An ability to understand and tell stories and describe events.
Why is it Important?
Narrative skills help children learn story structure, predict what will happen in a story, understand what they read, and build critical thinking skills.
Build the Skill:
Babies
- Talk to your baby as you go through your day, telling him what you are doing.
- Listen to your baby’s responses when you talk – it may be a sound, a wiggle, or an expression – and respond back.
- Share nursery rhymes and bounces with a strong sequence. As you sing them over and over, she’s learning that certain sounds and actions can be anticipated.
- Share books that relate to your baby’s life and talk about what you see in the pictures.
Toddlers
- Narrate the day for your toddler, from the repetition of getting dressed to talking about what you are going to do later. For familiar activities, ask what comes next – “shoes or socks next? Can you hand me one?”
- Listen to your child’s questions and pause to give him time to repeat a word or two. Ask her “what do you see?” or “what happened?” Affirm and enrich her simple answer with a descriptive word “Yes! It’s a brown doggie”.
- Rhyme: Some nursery rhymes are mini-narratives with a beginning, middle and end.
- Read books with a simple plot in which something happens.
- Read and re-read books that give your child a chance to participate by saying what’s coming next, lifting the flaps, or making animal noises.
- Share simple wordless or nearly wordless books and encourage your child to help “read” the story.
Preschoolers
- Give your child lots of opportunities to talk with you.
- Ask questions that can’t be answered with a “yes” or “no”. Encourage your child to think and increase their understanding.
- Read books with a repeated pattern or cumulative structure.
- Enjoy wordless and nearly wordless books that have more complex plots and details. Let your pre-reader help build the narrative by ‘reading’ the pictures.
- Retell favorite stories.
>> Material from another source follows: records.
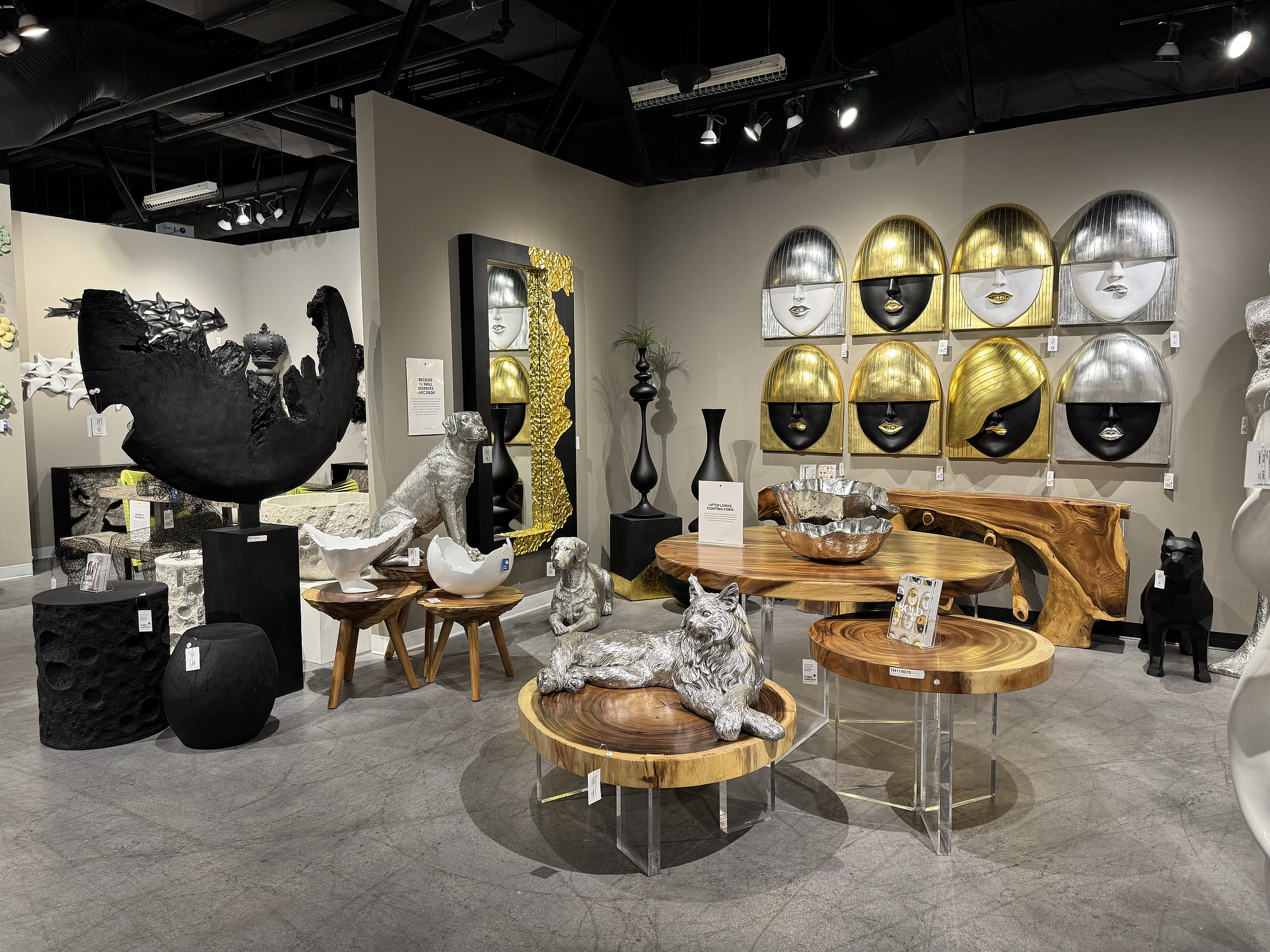 Showrooms & Tradeshows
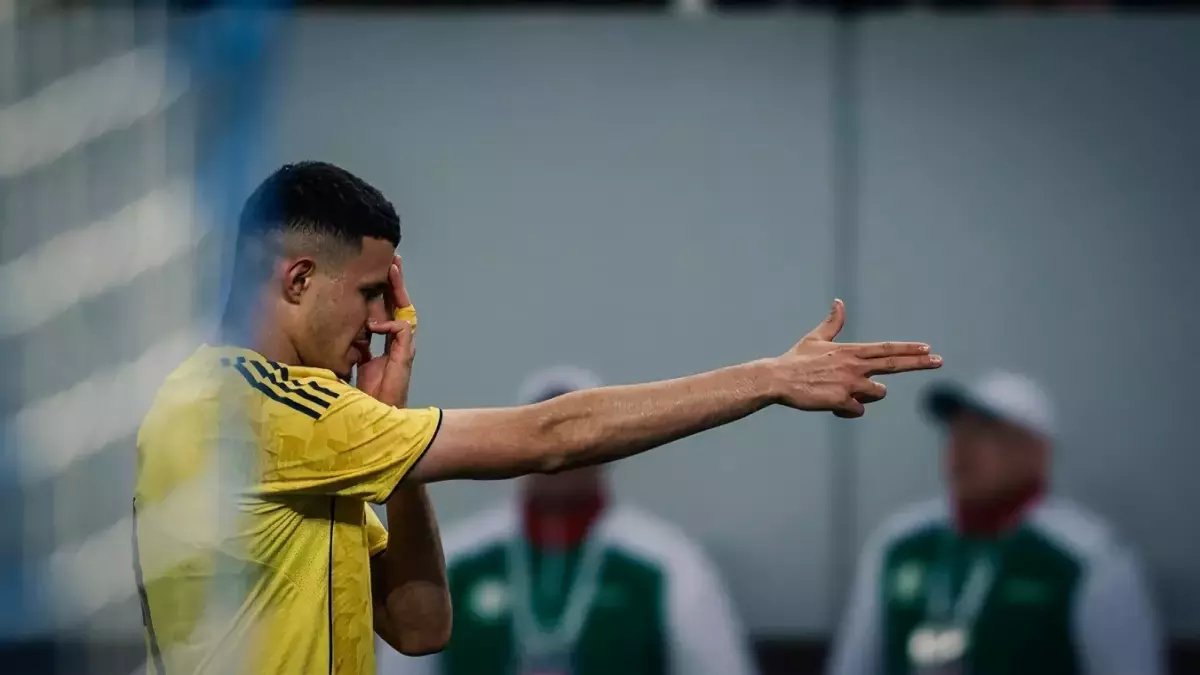 بندر الرزيحان يكشف سر انتقال عبدالله الحمدان من الهلال للنصر: "هذا الخطأ دفعهم ثمنه غالياً!"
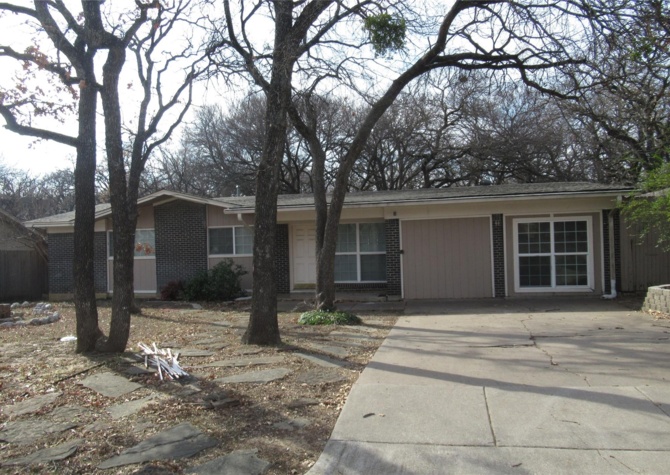 Houses Near Great 4 bedroom home in HEB ISD.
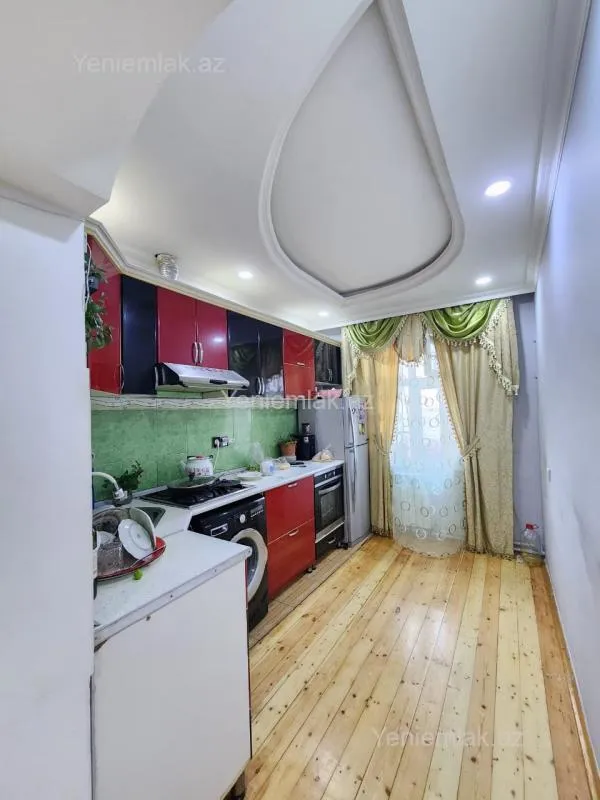 Satılır 4 otaqlı köhnə tikili 82 m²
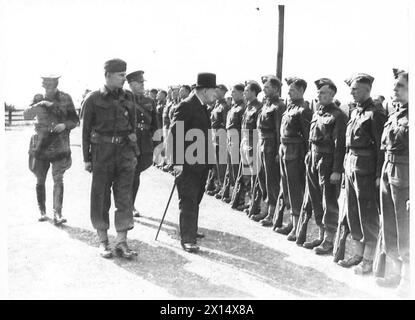 MR.WINSTON CHURCHILL VISITE LE NORD-EST - Mr. Winston Churhcill inspecte une garde d'honneur de l'armée britannique du North Staffordshire Regiment Banque D'Images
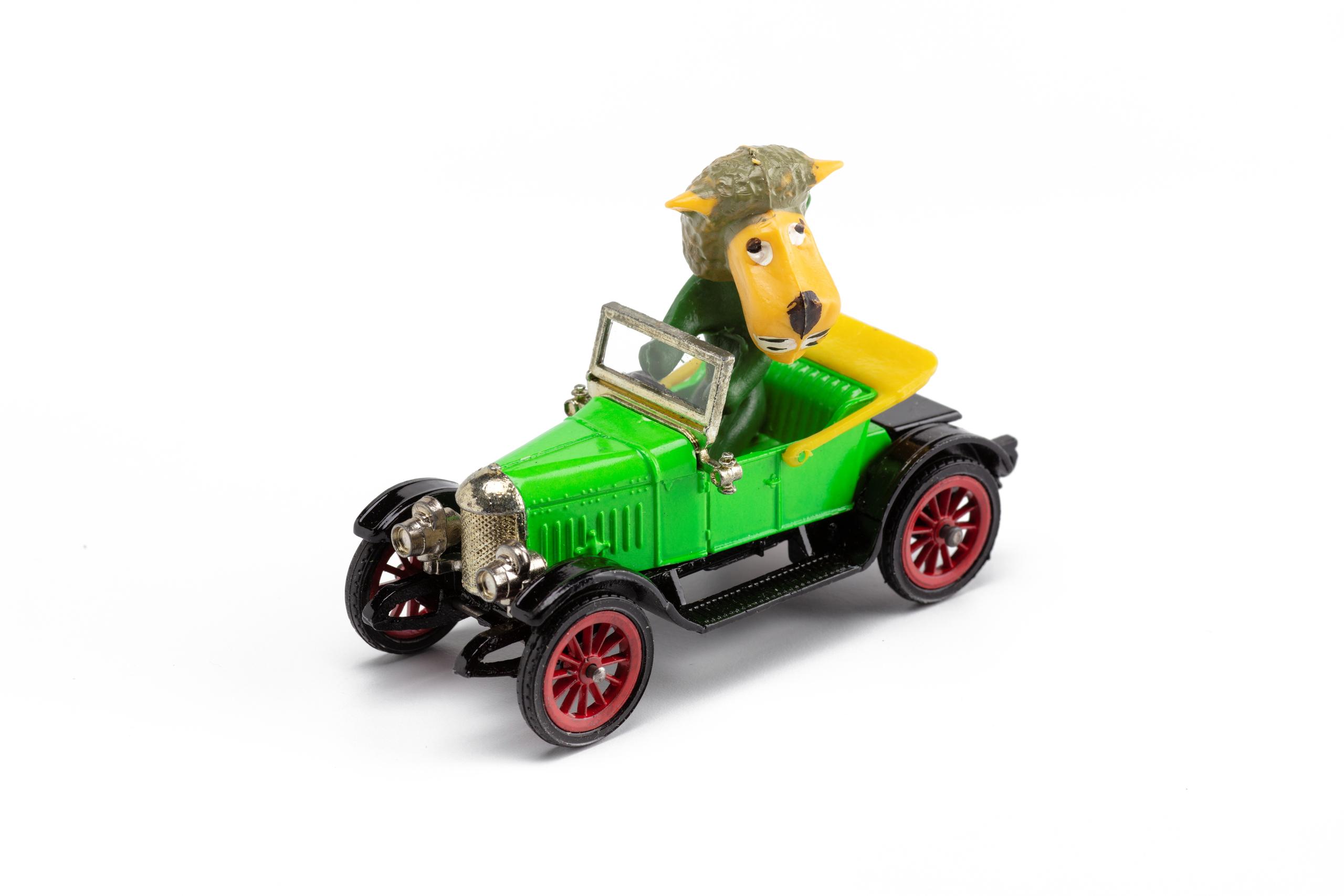 美品　DINKY TOYS MORRIS OXFORD ミニカー Dinky 159, Morris Oxford - Free Price Guide & Review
Use toys or props to extend the fun and stretch imaginative skills.
- Create verbal stories together. Start with “once upon a time there was a ____” and let your preschooler fill in the blank. Take turns building and retelling the narrative with a beginning, middle, and end.
- Create pictures and books that tell a story. Have your child draw the pictures and tell you the words to write down. Make a scene with stickers and write down what he says is happening.
- Play and imagine. When your preschooler imagines, you are invited into a world-building narrative. Enjoy the adventure together.